◆ **WHAT THE EXERCISE ASKS**: Repeat only the lines below from the one containing "Dragon Ball Z Manga Art" through the one containing "কেজরিওয়ালের বাড়িতে মমতা", inclusive, exactly as written.

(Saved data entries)
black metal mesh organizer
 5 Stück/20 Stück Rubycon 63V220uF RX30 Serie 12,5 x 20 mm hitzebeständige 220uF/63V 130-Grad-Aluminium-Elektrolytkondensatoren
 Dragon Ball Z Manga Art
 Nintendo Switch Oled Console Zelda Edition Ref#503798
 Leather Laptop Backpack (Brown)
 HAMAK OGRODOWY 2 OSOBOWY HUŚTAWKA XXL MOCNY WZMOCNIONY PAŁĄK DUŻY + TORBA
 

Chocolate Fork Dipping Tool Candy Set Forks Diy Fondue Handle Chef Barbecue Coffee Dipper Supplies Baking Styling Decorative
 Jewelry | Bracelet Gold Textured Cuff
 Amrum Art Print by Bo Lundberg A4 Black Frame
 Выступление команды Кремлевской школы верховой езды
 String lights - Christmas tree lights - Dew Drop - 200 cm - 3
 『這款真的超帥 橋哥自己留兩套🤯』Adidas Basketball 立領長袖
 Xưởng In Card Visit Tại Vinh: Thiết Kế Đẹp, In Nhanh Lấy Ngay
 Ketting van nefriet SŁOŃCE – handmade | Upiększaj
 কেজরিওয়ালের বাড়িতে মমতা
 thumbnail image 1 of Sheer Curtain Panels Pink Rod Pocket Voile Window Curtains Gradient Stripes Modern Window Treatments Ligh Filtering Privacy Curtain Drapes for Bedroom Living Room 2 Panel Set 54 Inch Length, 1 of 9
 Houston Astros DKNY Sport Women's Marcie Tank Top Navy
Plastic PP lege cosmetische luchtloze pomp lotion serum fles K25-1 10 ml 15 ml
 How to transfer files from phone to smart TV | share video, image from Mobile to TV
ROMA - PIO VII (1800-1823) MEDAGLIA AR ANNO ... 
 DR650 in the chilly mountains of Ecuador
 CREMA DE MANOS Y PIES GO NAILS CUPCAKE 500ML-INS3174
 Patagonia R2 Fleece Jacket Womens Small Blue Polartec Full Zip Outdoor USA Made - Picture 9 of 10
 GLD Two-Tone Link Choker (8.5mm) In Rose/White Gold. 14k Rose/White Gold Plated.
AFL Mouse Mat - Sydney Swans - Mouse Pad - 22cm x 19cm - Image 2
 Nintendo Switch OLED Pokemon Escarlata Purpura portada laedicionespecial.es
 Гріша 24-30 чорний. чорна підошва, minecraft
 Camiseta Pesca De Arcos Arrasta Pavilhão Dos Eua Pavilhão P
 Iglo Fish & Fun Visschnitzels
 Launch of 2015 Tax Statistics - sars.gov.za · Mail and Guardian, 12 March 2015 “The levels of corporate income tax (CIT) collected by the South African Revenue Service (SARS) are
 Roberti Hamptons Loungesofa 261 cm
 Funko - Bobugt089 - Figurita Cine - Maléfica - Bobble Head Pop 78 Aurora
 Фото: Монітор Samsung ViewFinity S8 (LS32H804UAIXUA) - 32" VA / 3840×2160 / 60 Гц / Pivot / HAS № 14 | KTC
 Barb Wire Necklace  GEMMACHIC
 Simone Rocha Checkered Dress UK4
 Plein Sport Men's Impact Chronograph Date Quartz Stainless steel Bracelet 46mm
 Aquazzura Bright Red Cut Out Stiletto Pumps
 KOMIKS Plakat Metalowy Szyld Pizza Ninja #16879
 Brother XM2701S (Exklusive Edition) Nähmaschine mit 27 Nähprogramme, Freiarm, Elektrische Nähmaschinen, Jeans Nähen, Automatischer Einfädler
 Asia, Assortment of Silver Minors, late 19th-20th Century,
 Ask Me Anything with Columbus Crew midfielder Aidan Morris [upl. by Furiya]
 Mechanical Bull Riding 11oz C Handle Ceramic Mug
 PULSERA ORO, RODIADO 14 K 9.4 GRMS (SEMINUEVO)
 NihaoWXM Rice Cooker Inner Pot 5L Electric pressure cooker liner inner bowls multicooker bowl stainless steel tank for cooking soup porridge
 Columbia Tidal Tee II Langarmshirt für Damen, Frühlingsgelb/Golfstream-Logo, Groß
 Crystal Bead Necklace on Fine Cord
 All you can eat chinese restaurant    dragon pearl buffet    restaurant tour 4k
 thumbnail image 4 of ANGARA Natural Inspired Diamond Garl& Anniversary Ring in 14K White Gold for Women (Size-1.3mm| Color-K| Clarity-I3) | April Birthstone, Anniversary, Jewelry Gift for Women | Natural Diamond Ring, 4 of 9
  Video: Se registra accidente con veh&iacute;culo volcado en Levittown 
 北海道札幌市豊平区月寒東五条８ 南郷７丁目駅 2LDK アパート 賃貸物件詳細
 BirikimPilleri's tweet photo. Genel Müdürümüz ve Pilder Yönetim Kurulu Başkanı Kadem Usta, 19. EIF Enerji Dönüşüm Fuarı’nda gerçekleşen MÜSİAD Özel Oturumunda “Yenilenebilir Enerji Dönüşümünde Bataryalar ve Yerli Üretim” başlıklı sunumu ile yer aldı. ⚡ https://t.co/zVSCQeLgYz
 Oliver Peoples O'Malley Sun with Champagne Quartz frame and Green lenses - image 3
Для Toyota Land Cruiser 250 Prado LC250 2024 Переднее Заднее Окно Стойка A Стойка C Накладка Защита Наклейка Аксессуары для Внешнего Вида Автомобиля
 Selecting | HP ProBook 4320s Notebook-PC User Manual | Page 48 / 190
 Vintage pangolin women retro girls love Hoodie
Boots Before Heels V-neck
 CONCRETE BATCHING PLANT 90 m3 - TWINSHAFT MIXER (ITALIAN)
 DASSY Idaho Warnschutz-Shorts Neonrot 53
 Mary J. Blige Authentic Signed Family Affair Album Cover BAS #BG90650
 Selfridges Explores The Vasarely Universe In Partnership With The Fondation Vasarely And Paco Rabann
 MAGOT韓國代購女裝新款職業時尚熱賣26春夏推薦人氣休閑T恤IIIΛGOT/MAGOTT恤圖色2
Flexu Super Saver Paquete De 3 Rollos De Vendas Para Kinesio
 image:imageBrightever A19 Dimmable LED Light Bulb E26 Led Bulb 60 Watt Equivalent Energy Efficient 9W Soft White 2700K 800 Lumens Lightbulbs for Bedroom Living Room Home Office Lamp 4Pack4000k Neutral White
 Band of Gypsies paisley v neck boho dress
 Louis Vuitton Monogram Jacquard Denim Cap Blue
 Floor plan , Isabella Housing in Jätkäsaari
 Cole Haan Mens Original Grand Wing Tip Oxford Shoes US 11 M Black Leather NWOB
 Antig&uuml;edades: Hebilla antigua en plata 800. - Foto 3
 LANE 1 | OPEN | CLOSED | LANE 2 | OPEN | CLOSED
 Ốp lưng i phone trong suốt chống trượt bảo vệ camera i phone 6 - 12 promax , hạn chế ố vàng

◆ **EXERCISE RESPONSE**:
 Dragon Ball Z Manga Art
 Nintendo Switch Oled Console Zelda Edition Ref#503798
 Leather Laptop Backpack (Brown)
 HAMAK OGRODOWY 2 OSOBOWY HUŚTAWKA XXL MOCNY WZMOCNIONY PAŁĄK DUŻY + TORBA
 

Chocolate Fork Dipping Tool Candy Set Forks Diy Fondue Handle Chef Barbecue Coffee Dipper Supplies Baking Styling Decorative
 Jewelry | Bracelet Gold Textured Cuff
 Amrum Art Print by Bo Lundberg A4 Black Frame
 Выступление команды Кремлевской школы верховой езды
 String lights - Christmas tree lights - Dew Drop - 200 cm - 3
 『這款真的超帥 橋哥自己留兩套🤯』Adidas Basketball 立領長袖
 Xưởng In Card Visit Tại Vinh: Thiết Kế Đẹp, In Nhanh Lấy Ngay
 Ketting van nefriet SŁOŃCE – handmade | Upiększaj
 কেজরিওয়ালের বাড়িতে মমতা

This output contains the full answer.